Исходя из сказанного, очевидной представляется необходимость анализа категорий грамматики с позиций антрополингвистики, в частности, с позиций лин-гвоперсонологической гипотезы, сформулированной проф. Н.Д. Голевым, предполагающей «функционирование языка в пространстве качественного разнообразия языковых способностей и вариативность результатов такого функционирования» [Голев, 2004б, с. 4-9]. Сущность антропоподхода к языку заключается в том, «чтобы находить и описывать свидетельства того, как, пропуская через свое сознание картину отраженного образа окружающего мира, говорящий воспроизводит ее с помощью языка. Язык при этом выступает в качестве среды существования человека как существа разумного и не может, следовательно, не быть эгоцентричным, т.е. не ориентированным на Я говорящего и мыслящего» [Хомякова, 2002, с. 74].
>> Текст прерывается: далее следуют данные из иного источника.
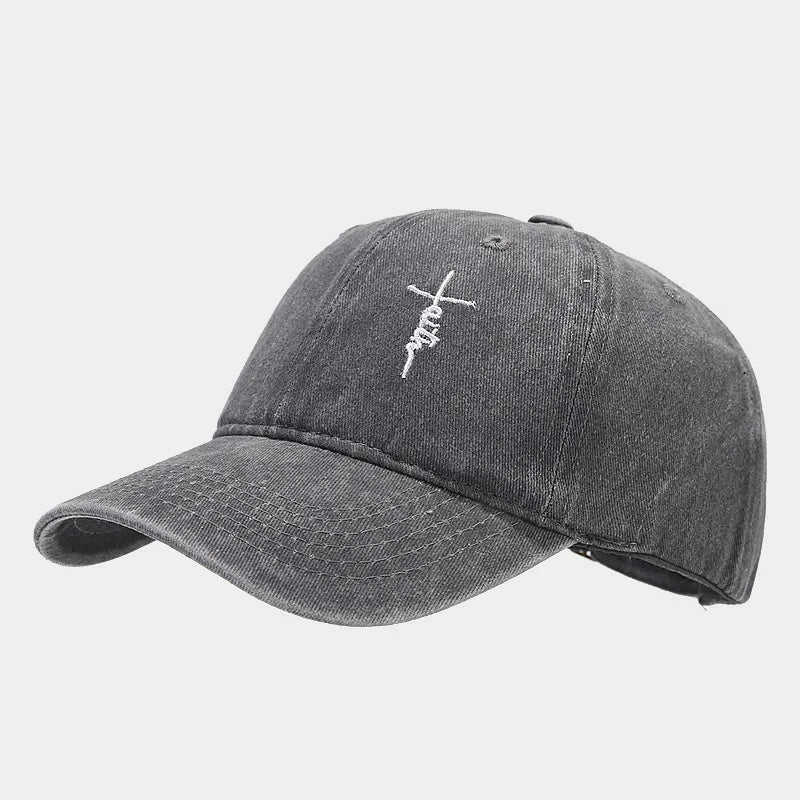 Vintage washed vintage unisex faith cross embroidered baseball cap - soft, breathable, adjustable dad cap, hip-hop style, suitab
Эгоцентричность языка, в этом смысле, позволяет увидеть разнообразие парадигм восприятия через призму не только первичного, собственно авторского, но и вторичного текста. Как тот, так и другой выступают в качестве своеобразного диагностического контекста для выявления вариативности перцепции и перемоделирования объективной реальности. Предположительно, в данном смысле вторичный текст является даже более показательным, выступая в роли «кривого зеркала», в котором отображается собственно первичный текст: имеется возможность отследить все внесенные в оригинальную структуру изменения. Неизбежность присутствия последних диктуется уже тем, что «одну и ту же ситуацию носитель языка может описывать по-разному. Исходный набор параметров ситуации

(или соответствующих им семантических признаков) при этом остается одним и тем же, но какие-то из них акцентируются, а какие-то затушевываются» [Рахили-на, 1998, с. 283]. Добавим при этом, что разные носители языка опишут одну и ту же ситуацию тоже по-разному, создавая различающиеся антропотексты. Под данным термином понимается «отражение особого качества языковой способности его автора или адресата. Вариативность антропотекстов есть отражение разнообразия языковых личностей и характеризующих их типов языковой способности. К примеру, общий ответ на вопрос, почему по одному тексту дети пишут разные изложения, по одной картине - разные сочинения, достаточно прост: вариативность изложений и сочинений зависит от разнообразия природного качества языковой способности детей. При этом очевидно, что «природная вариативность» усиливается разнообразием условий окультуривания природного дара» [Голев, 2004б]. Естественно, здесь мы не рассматриваем уникальные случаи стопроцентного воспроизведения исходного текста, обусловленные феноменальной памятью испытуемых, поскольку в таких ситуациях изначальной целью-установкой является именно копирование текста, но не его передача «своими словами». «У речевой и текстовой вариативности есть тенденция к бесконечной дифференциации вплоть до индивидуальной, но столь же несомненна и тенденция к ее ограничению, проявляющаяся прежде всего в типизируемости вариантов» [Там же]. Типизация вариантов, с одной стороны, и их индивидуальный характер, с другой, способствуют выявлению как типологически универсальных черт, имманентно присутствующих в национальном языковом сознании, так и собственно частных модусов перцепции, благодаря которым производный текст предстает не в виде унифицированного стандарта, но в полифонии вариаций. «В результате мы можем квалифицировать вторичные тексты как своеобразные "кодовые трансформации", в основе которых заложен субъективный момент, придающий производным текстам не столько жестко детерминированный, сколько статистико-вероятностный характер, а потенциальная вариативность вторичных текстов делает актуальным ее первый компонент» [Голев, Сайкова, 2001, с. 21].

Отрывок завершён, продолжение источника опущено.